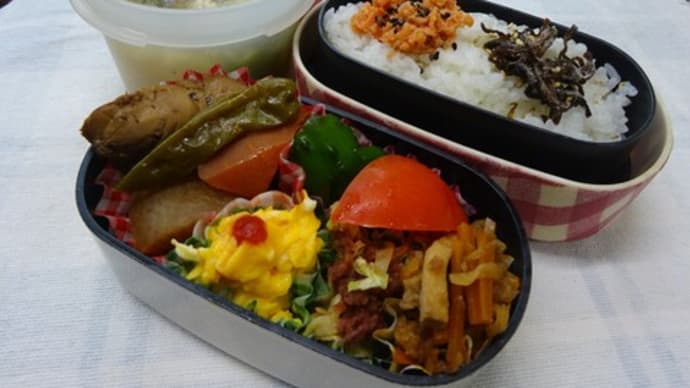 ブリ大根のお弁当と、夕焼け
════
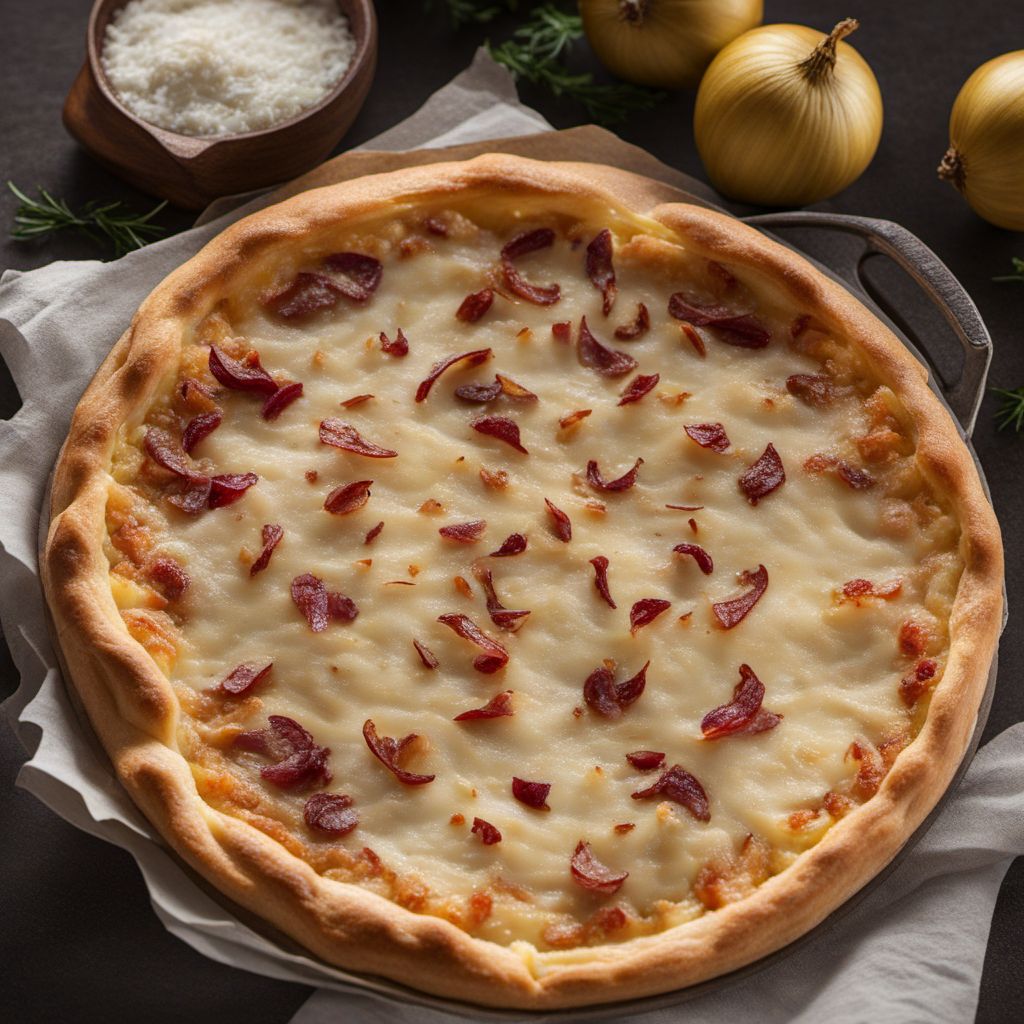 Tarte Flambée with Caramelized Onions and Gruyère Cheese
════
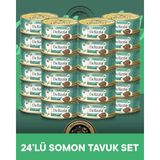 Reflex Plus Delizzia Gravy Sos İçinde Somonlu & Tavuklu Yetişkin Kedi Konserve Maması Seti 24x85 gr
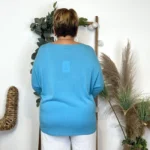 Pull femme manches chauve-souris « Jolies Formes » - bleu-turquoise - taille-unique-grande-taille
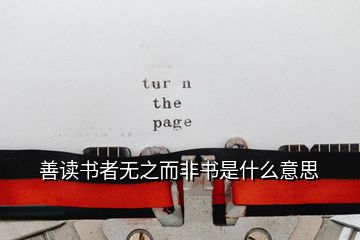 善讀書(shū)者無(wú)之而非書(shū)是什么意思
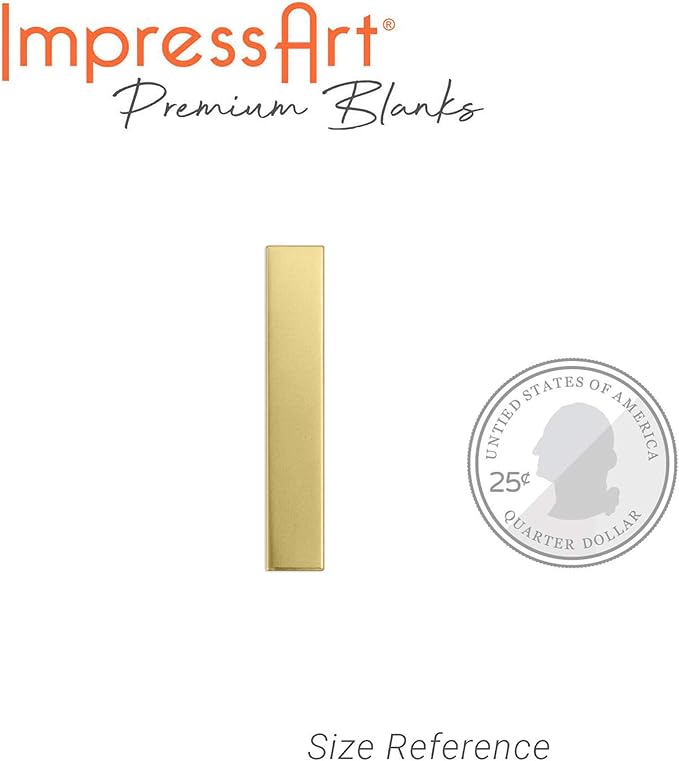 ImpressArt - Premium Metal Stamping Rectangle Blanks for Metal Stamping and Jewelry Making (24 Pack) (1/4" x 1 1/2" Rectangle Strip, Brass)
════
_TASK DESCRIPTION_
Start with the line with "善讀書(shū)者無(wú)之而非書(shū)是什么意思" in the listing above and stop after the line with "ImpressArt - Premium". Write out exactly the lines in that stretch and no others, without pictures.

_ANSWER TO THIS EXERCISE_
 善讀書(shū)者無(wú)之而非書(shū)是什么意思
 ImpressArt - Premium Metal Stamping Rectangle Blanks for Metal Stamping and Jewelry Making (24 Pack) (1/4" x 1 1/2" Rectangle Strip, Brass)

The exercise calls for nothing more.